Corpetes acetinados na parede chamam a atenção, muitos deles tingidos por Catarina. “Eram de peças de noiva e são sempre naqueles tons pérola, então decidi dar um ânimo às peças”, diz, mostrando que fez a mesma obra de arte com umas luvas brancas de noiva e que agora, expostas na vitrine, são rosa e violeta. Outras tantas peças douram os charriots e as mesas, soutiens e cuecas de renda, robes de cetim, camisas de dormir, bralettes ou conjuntos, vale tudo. Também encontra inúmeros pares de collants de outros tempos, que “muita gente compra para coleccionar a embalagem vintage”.
“Grande maioria do que eu tenho aqui é lingerie vintage que nunca foi usada. Consegui ficar com stocks de lojas que nunca foram vendidos, tenho muito deadstock, e acabo por aproveitar peças que vêm do fecho de fábricas”, conta. “É tudo sobretudo dos anos 50, 60 e 70, coisas incríveis que nem parece que os anos passaram por elas”.

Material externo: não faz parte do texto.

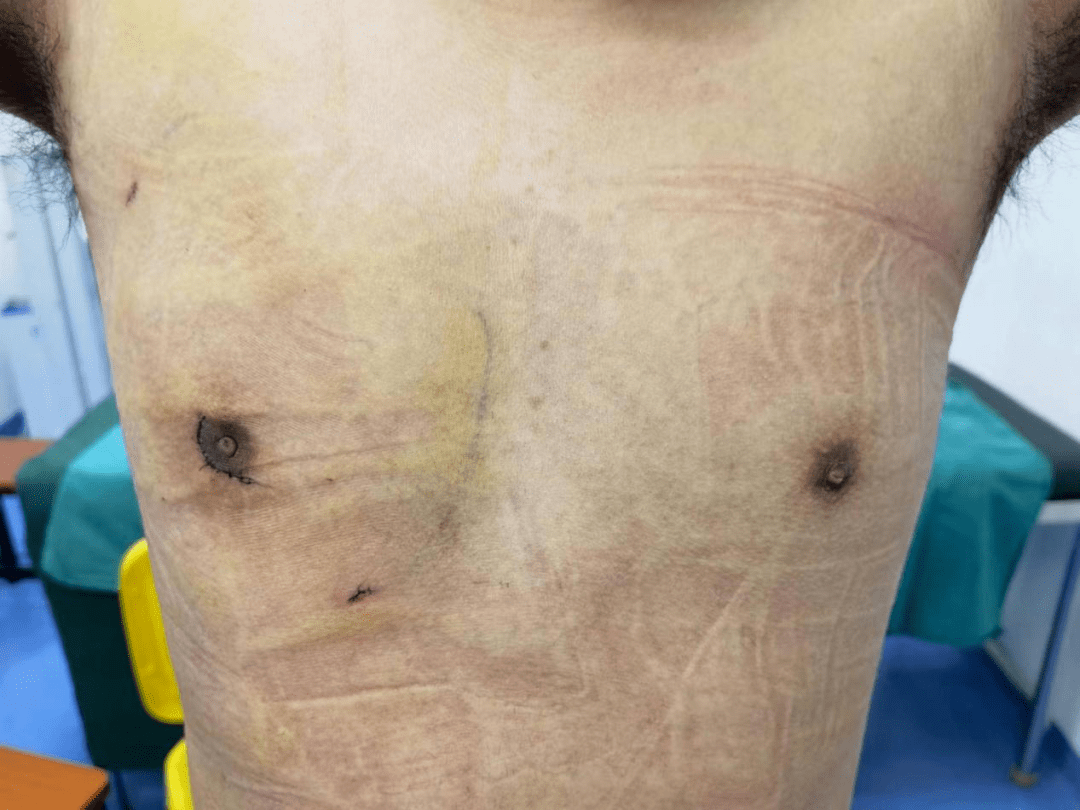 男性乳腺增生手术疤痕图片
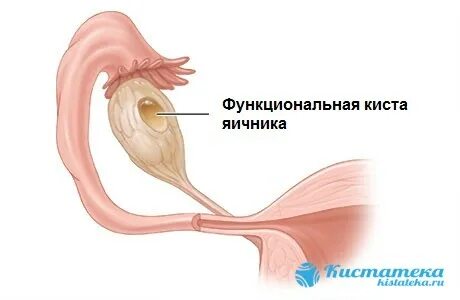 Функциональный яичник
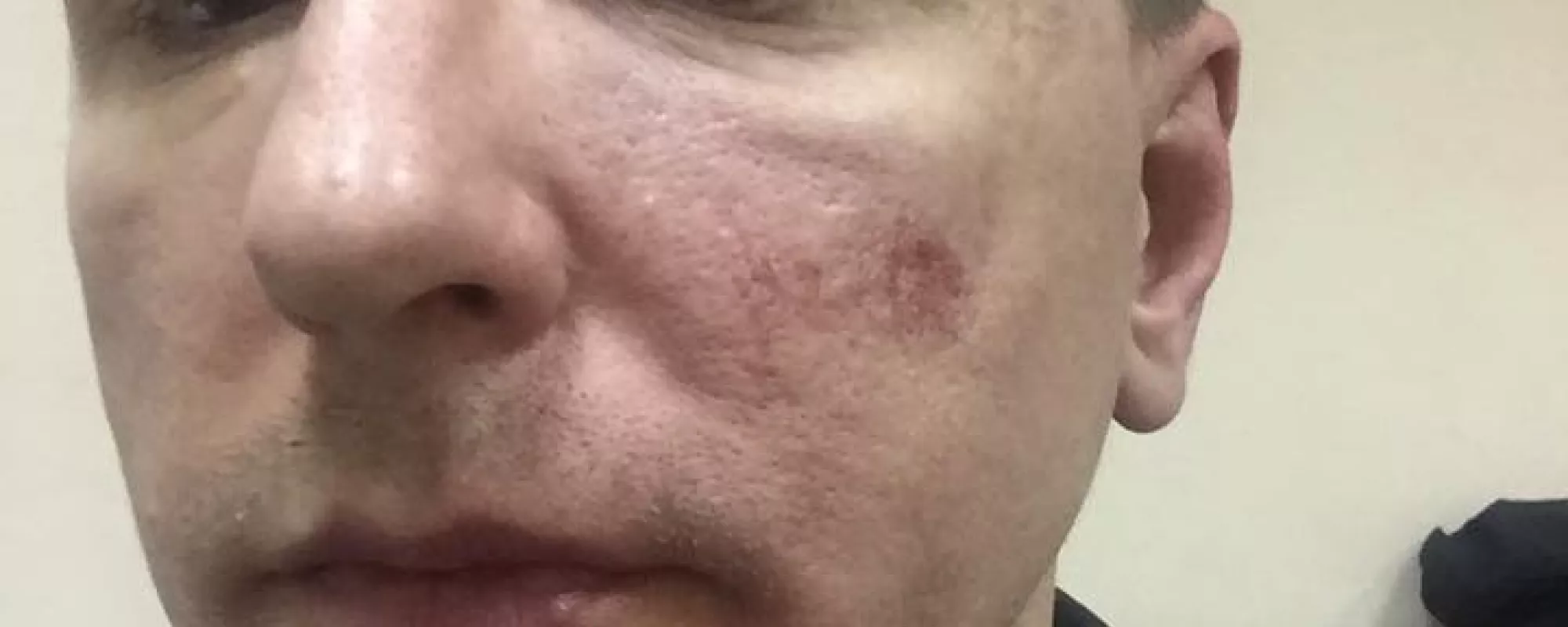 На члена подмосковного ОНК Алексея Павлюченкова напали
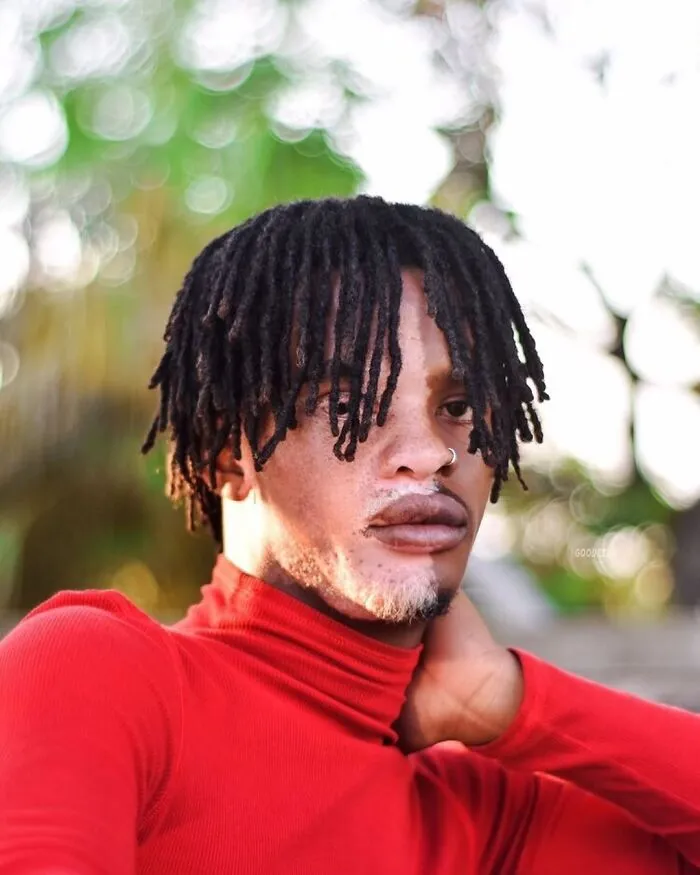 35 Breathtaking Photos Of People With Vitiligo That Redefine What Beauty Looks Like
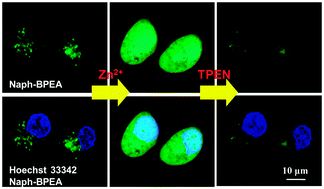 Graphical abstract: In vitro and in vivo imaging application of a 1,8-naphthalimide-derived Zn2+ fluorescent sensor with nuclear envelope penetrability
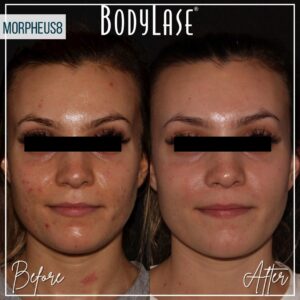 Bodylase_Morpheas8_BA_Pateint-3-FRONT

Mas a lingerie, apesar de uma peça chave do puzzle da Boudoir, não ocupa toda a loja. Se de um lado brilha a roupa íntima, do outro há outros tantos charriots cheios de roupa retro e em segunda mão – e até coisas por estrear –, das calças aos vestidos, dos sapatos às camisas, das malas aos acessórios, há de tudo. Inclusive peças de mobiliário e decoração que não estão lá só para compor, estão à venda também – o candeeiro ilustre ou o castiçal fosco.

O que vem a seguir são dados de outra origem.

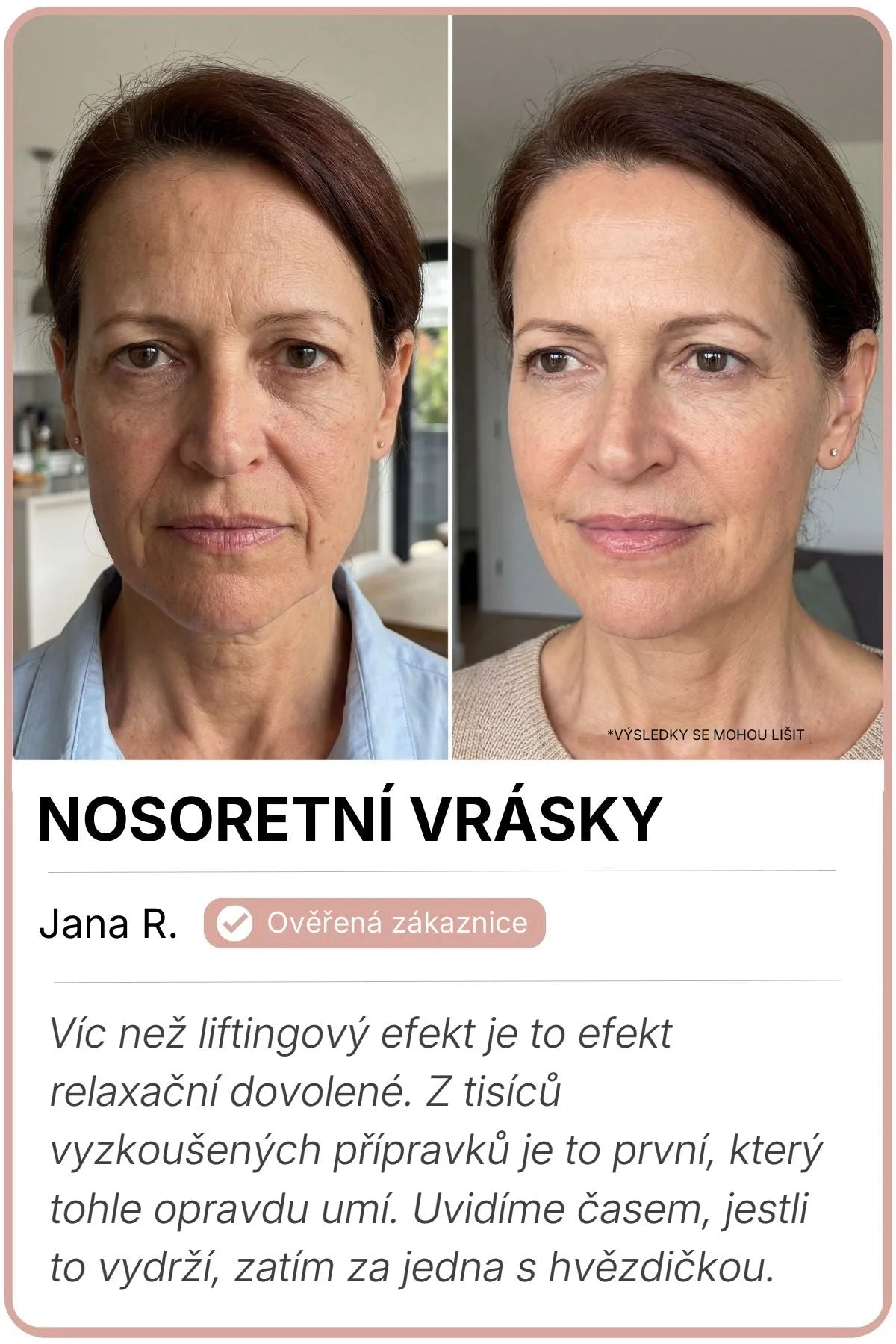 Vorher-Nachher-Bild von Jana R.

Catarina tem ainda uma zona dedicada a peças de designer e de grandes marcas que vende a preços simbólicos, em relação ao preço real de cada artigo.
As vendas no Instagram e no site da marca continuam activas, porque “há sempre clientes que não se podem deslocar à loja”, diz Catarina, que opta por manter os três canais de vendas abertos e ter ainda peças exclusivas apenas no online.
E se no piso térreo o vintage dá o encanto à coisa, quem desce à cave depara-se com um open space desafogado que se divide entre o armazém dos achados de Catarina, um estúdio de tatuagens e um atelier de costura.
Catarina partilha o espaço desde o início com Charlene Boieiro, mais conhecida como Françoise Tattoo, e é no piso subterrâneo que a artista faz da tinta e das agulhas a sua arte maior. Charlene, porém, tem a particularidade de marcar na pele desenhos de outros artistas, dando-lhes espaço para levar as suas criações no corpo de outros.
Já o atelier de costura está entregue a Naára e ao seu projecto Kahumbi – para já esta estadia ainda não é permanente, mas acaba por ser um complemento à loja. Além das criações de moda da marca, Naára está responsável por aulas de costura particulares ou em grupos de iniciação e aperfeiçoamento de costura, assim como iniciação à modelagem e ainda workshops de upcycling de peças.
“Além das actividades e das aulas que conseguimos ter aqui, acaba por me ajudar em alguns arranjos de peças que vou tendo e que precisam de ser aperfeiçoadas aqui ou ali”, explica Catarina. “Acho que num espaço como este faz todo o sentido termos esta ligação à costura, criámos boas sinergias e acho que pode resultar muito bem”.
Avenida Almirante Reis, 238A (Alameda). Ter-Sex 14.00-19.30, Sáb 10.00-13.00.